Mr Gan Kim Yong: CPI-All Items inflation picked up to 2.5% on a year-on-year basis in the third quarter of 2021, from 2.3% in the second quarter. The rise in domestic inflation came largely on the back of higher external inflation due to increases in global energy and food commodity prices, and persistent supply bottlenecks in key global industries and transport hubs.
On the energy front, crude oil prices have risen to above US$80 per barrel since early October on account of the decision by Organization of the Petroleum Exporting Countries Plus (OPEC+) to keep supply increases modest, even as oil demand continues to pick up due to the global economic recovery and the rally in global natural gas prices.
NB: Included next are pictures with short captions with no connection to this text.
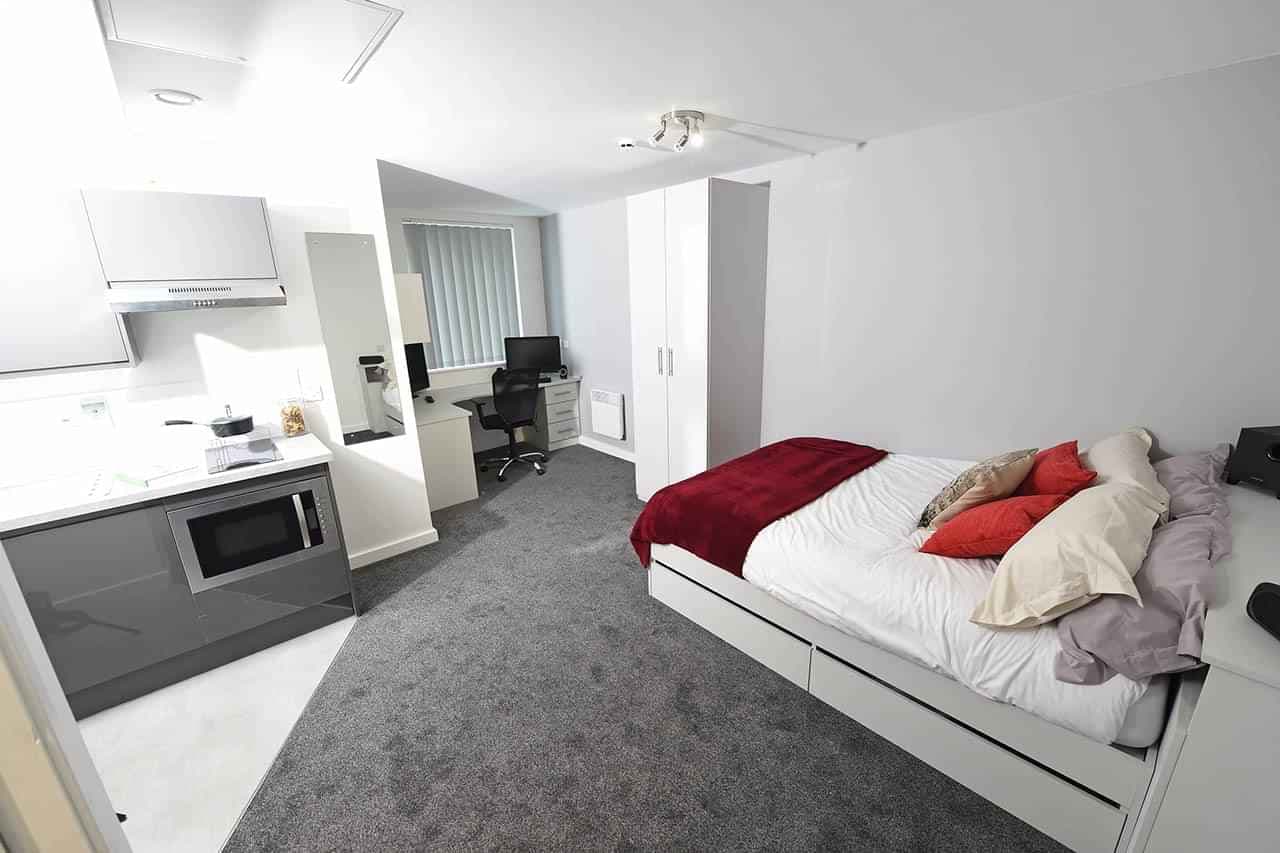 Premium Studio  - Image 1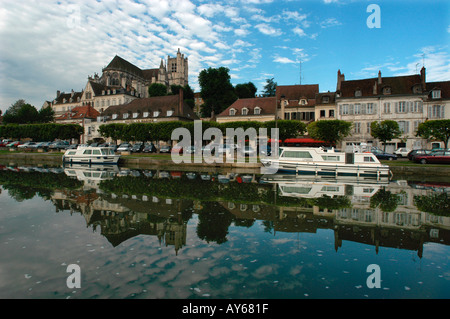 Auxerre am Fluss Yonne, Burgund Frankreich. Zeigt die Kathedrale St Stephen in Französisch als St Etienne Kathedrale bekannt. Stockfoto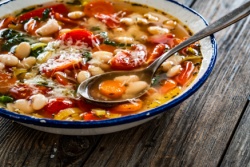 Italiaanse soep met bonen en groentes Italiaanse soep met bonen en groentes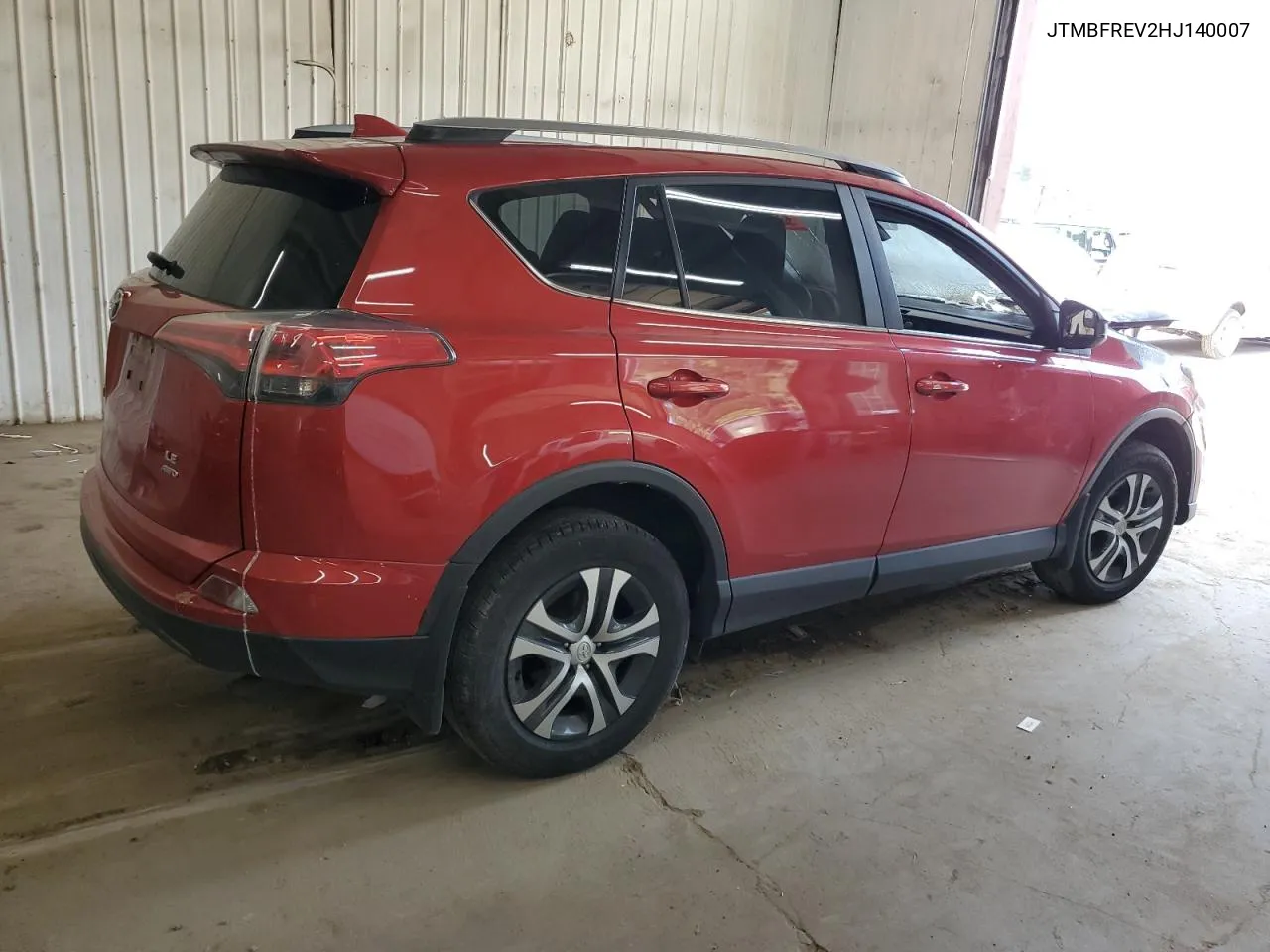 JTMBFREV2HJ140007 2017 Toyota Rav4 Le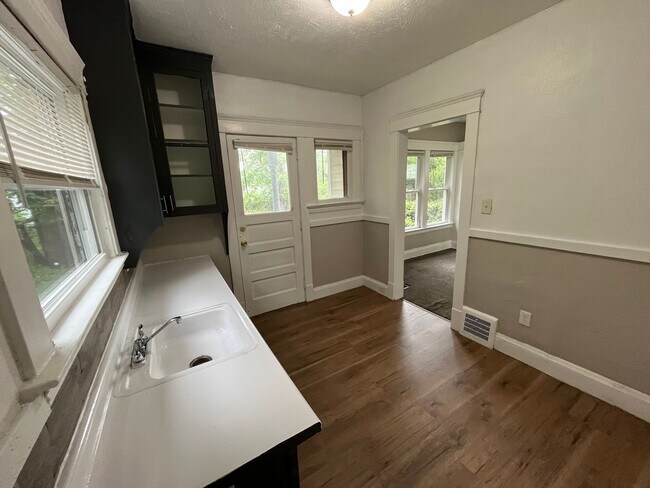 Building Photo - Three bedroom one bathroom single family home for rent MOVE IN SPECIAL - HALF OFF FIRST MONTHS RENT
Higher oil and gas prices will translate to higher electricity prices domestically. About 95% of our electricity is currently generated using natural gas.
On the food front, global prices for food commodities such as cereals and vegetable oil have risen due to supply constraints arising from weather-related disruptions, manpower shortages and export restrictions in key food-producing countries, amidst rising global demand. Higher global food prices will in turn exert upward pressure on domestic food prices.
Meanwhile, supply bottlenecks for goods such as semiconductors, and congestion at ports around the world have contributed to a rise in the prices of imported consumer goods in Singapore.
Domestically, we expect labour costs to rise as the labour market continues to recover and border restrictions limit non-resident worker inflow. We also expect to see inflation in accommodation to persist due to strong rental demand for housing amidst construction delays caused by labour shortages in the construction sector. Against this backdrop, CPI-All Items inflation is projected to come in at around 2% this year and average 1.5% to 2.5% in 2022.
Despite the rise in inflation, Singapore’s economic recovery for the year remains on track. Barring a major setback in the global economy, GDP growth is expected to come in between 6% and 7% for the full year, mainly supported by outward-oriented sectors, such as the manufacturing, finance and insurance, and information and communications sectors.